» WORK ITEM
Your answer should be the full data, transcribed exactly, with no pictures in it.

» RECORDED DATA
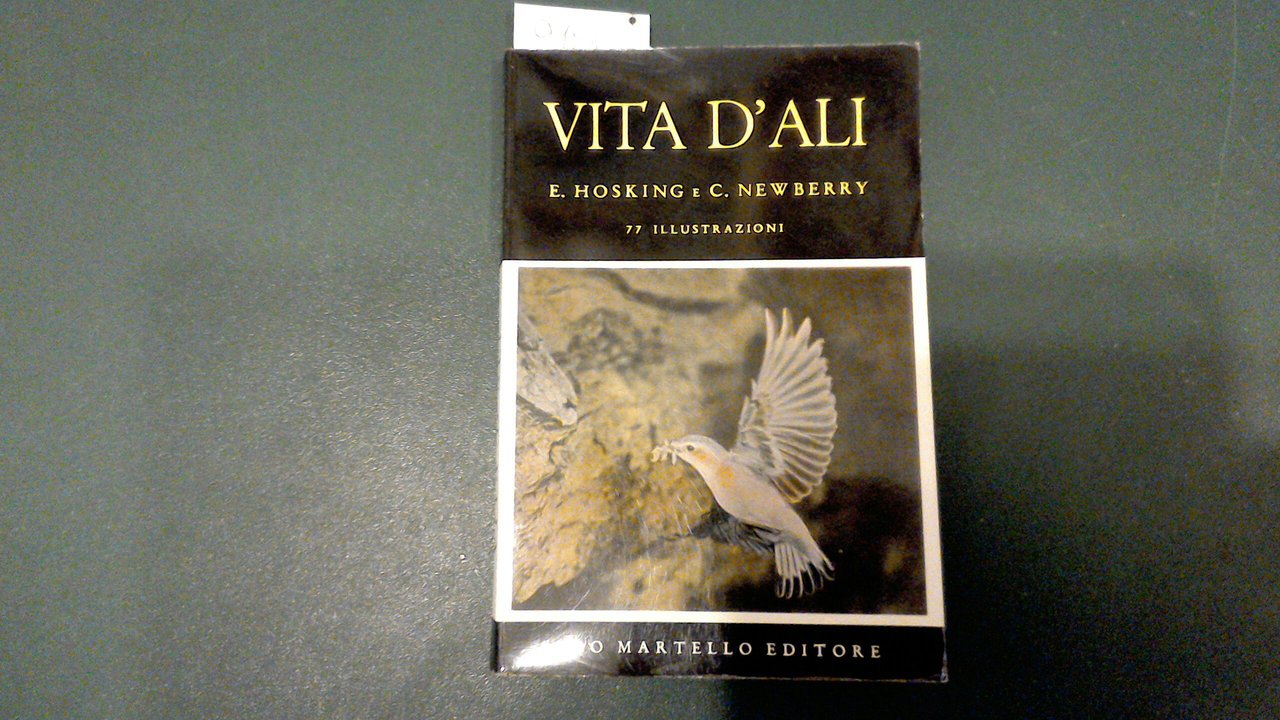 Vita d'ali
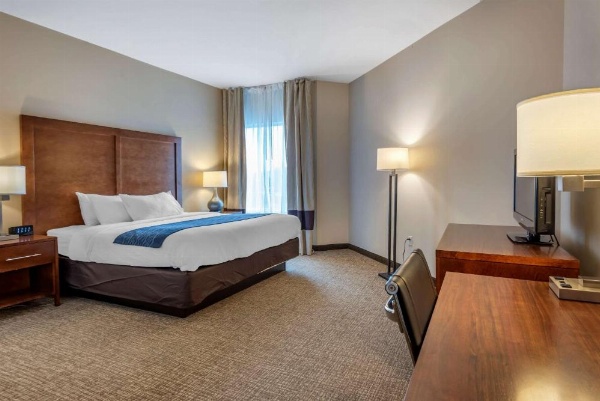 Comfort Inn Apalachin / Binghamton W Route 17 image 12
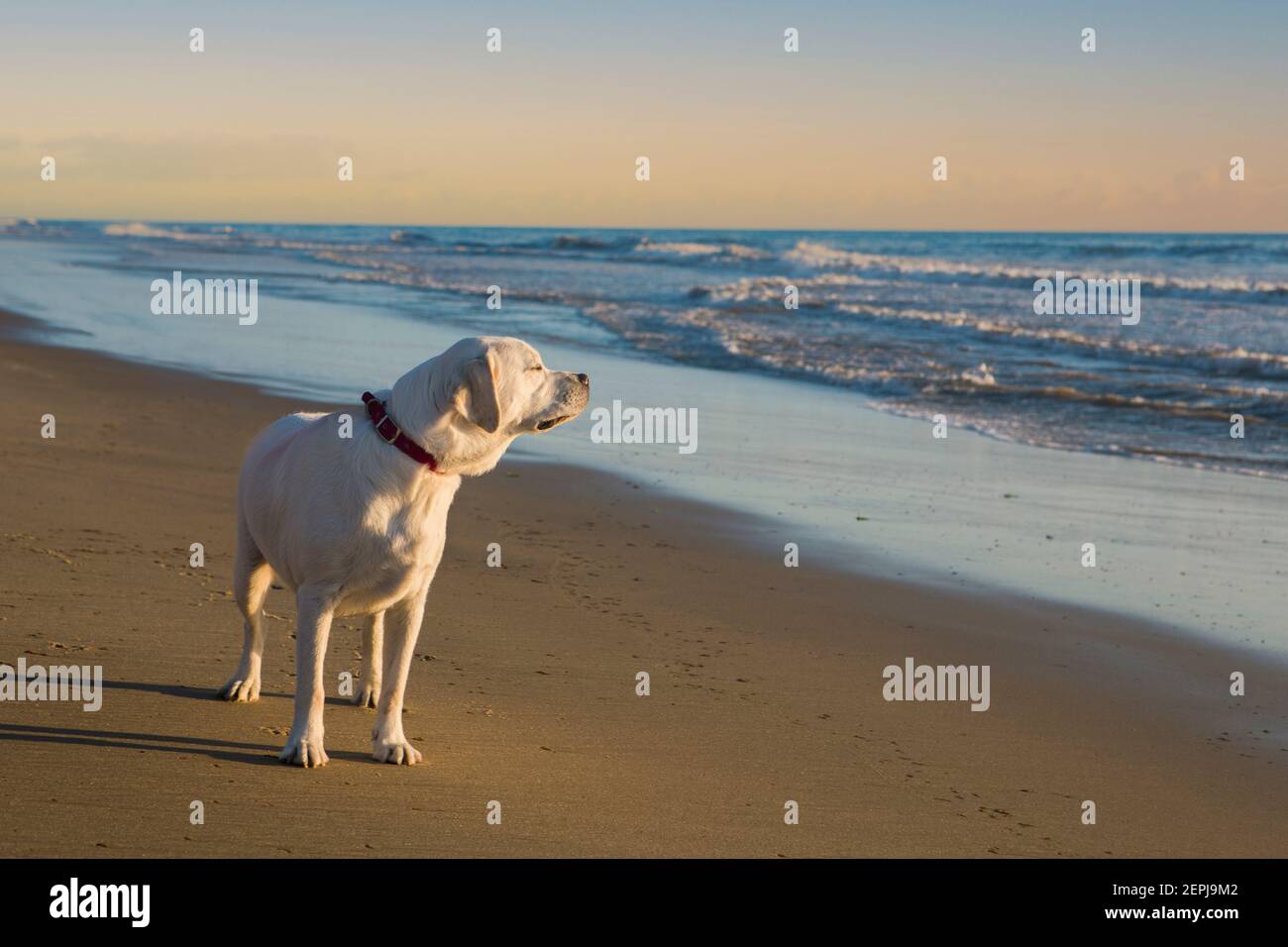 A labrador retriever sniffing the breeze on a Cape Cod beach Stock Photo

» ANSWER
 Vita d'ali
 Comfort Inn Apalachin / Binghamton W Route 17 image 12
 A labrador retriever sniffing the breeze on a Cape Cod beach Stock Photo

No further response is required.